Nasal Mucus Goldenbear said:
This is the first time I've heard of PS underemphasizing experience. Is "over all" experience different from game playing experience? Perhaps just as important as (in some years, more important than) future injuries is quality depth to cover for inevitable injuries (quality depth is prob easier to predict than injuries given game playing experience and the addition of some rare sure-thing prep/jc superstars).
Quote:
The dubious ones
depth is important and measurable, but we had depth at LB last year but were not the same when Downs went down. USC has all kinds of depth every year but they could not recover from the shear number of injuries they had last year.
Also, there are times when injuries hit the same position over and over wiping out whatever depth there is. For some reason, this happens quite frequently and has happened at Cal. For example Cal had their secondary wiped out a few years back. They had their DL position hit hard at one time 2 years ago. I think under JT one year the RB position was hit hard.
The point is that injuries, at least right now, are not predictable and yet they impact the game significantly which reduces the effectiveness of guys like PS.
Potentially PS or others could develop a metric that could have significant predictive value when it comes to injuries. The way to do that is to look at the archives and see if any data relating to injuries proves to have significant predictive value from year to year. This is actually the way he developed many of his current metrics. At some number or value, all data becomes significant. For example turnovers become important when there are enough of them or when there is a certain margin. PS studies what that threshold is when such things actually have predictive value.
A similar study could be done to see what injury data, if any, has had predictive value.

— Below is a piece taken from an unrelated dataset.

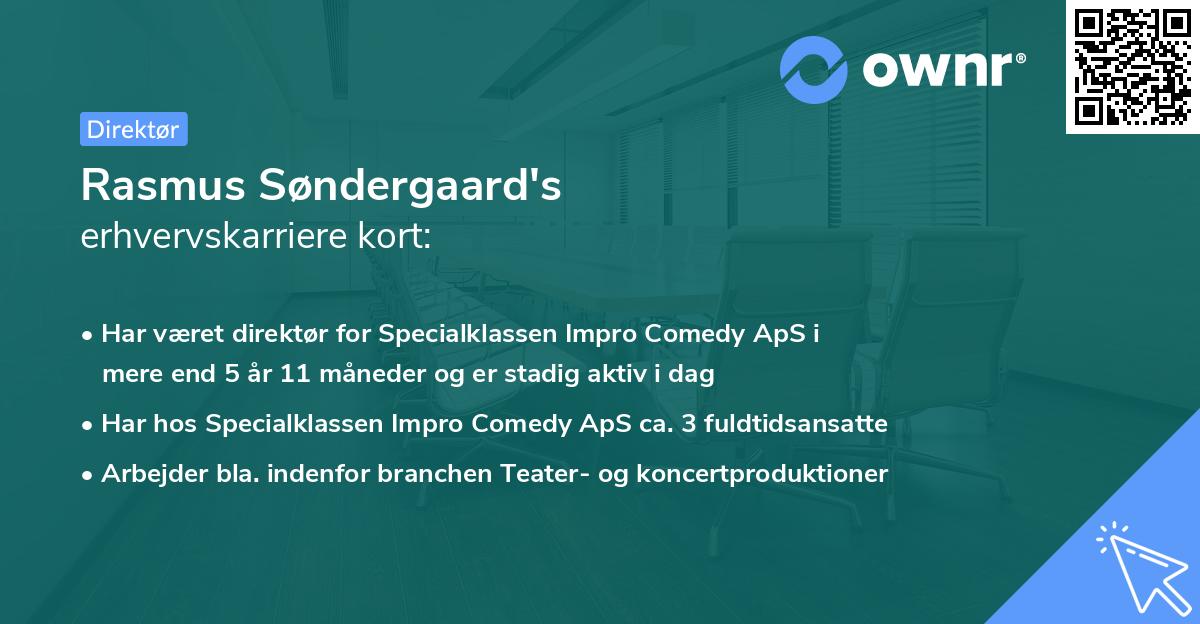 Rasmus Søndergaard's erhvervskarriere kort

For example, a team that has x number of injuries to starters in year 1
may not be likely to have less injuries the following year, but a team that has y number of injuries
is likely to have less injuries the following year. That threshold could be one of several data points that go into a predictive metric regarding injuries and their impact.
On the issue of experience and PS: He does quite a lot on experience, but I don't think he values it as much as "talent" according to his PS number and I disagree with that. I also think it throws off his depth charts.